Eni is a leading global energy company with operations in 79 countries and activities in oil and gas production, refining and marketing, electricity generation and sale, petrochemicals, oilfield services construction and engineering.
In Africa, Eni has a flaring down strategic plan that seeks to address the dual challenge of fighting energy poverty while tackling climate change. Between 2007 and 2010, Eni has reduced flaring by over 30%, and is investing in new energy infrastructure to bring this figure up to 80% by 2015. When fully implemented, the program will recover around 5 billion cubic meters of gas per year.
Where the associated gas is used to supply the local market and produce electricity, the population gains access to a continuous supply of reliable and safe energy. This, in turn, acts as a catalyst for social and economic development.
This case study describes eni’s activities in this particular domain in the Republic of the Congo. The company, which has been active in the country in hydrocarbon exploration and production since 1968, signed an agreement with the government to develop two electricity power stations and eliminate gas flaring by 2012.
The agreement envisages the construction in Djeno of the new Centrale Electrique du Congo power station (300 MW, planned for a future output of 450 MW) and the revamping of the existing 50MW Centrale Electrique de Djeno power station. The agreement also includes the exploitation of gas from the M’Boundi oilfield, which is collected and transported through a 55 km pipeline to Djeno. The two new power stations will now provide 60% of the country’s installed capacity and expand access to electricity for approximately 700,000 people. Average per capita electricity consumption in the area serviced by eni’s investment rose to 350 KWh in 2009 and 462 KWh in 2010, compared with the national average of just 137 KWh per year.

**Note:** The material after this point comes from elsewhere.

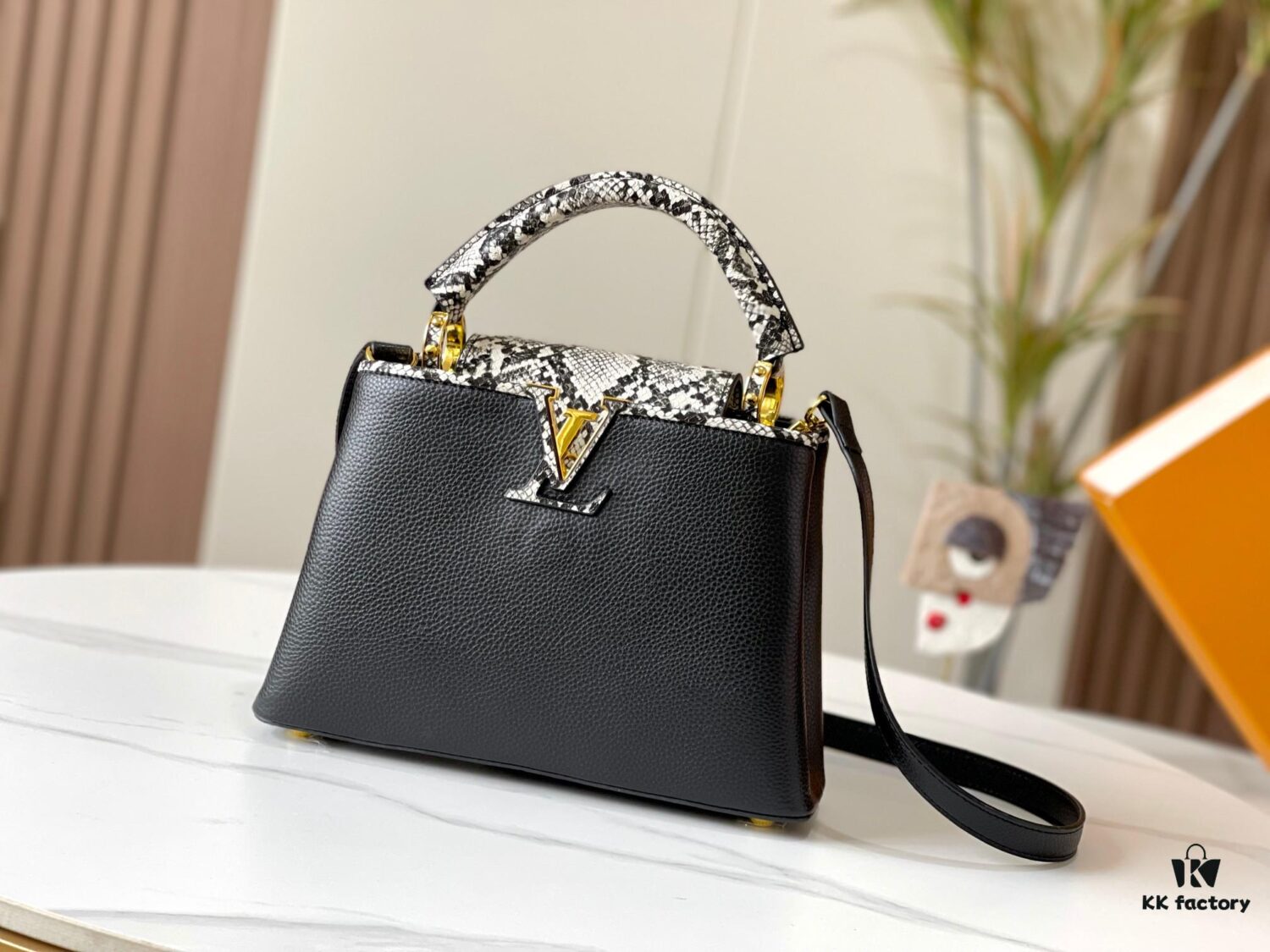 69307b826e68136f4d9a6eb7 Exclusive On-Hand Shot - Upgraded M95508 CAPUCINES Small Handbag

The availability of energy is a prerequisite for development, and the different distribution of energy consumption worldwide represents both a barrier to growth and a cause of inequality.
The lack of access to clean, reliable, and affordable energy sources is a particularly serious problem in Africa, which represents the paradox of being one of the major energy producers while being the continent suffering most from energy poverty.
Energy poverty is a significant issue for Eni, whose production is located for 22% in countries that are affected by the lack of appropriate energy services.
Eni’s Work in the Republic of Congo
In the Republic of Congo, 2.3 million people have no access to electricity, and three quarters of its population lives without access to modern sources of energy.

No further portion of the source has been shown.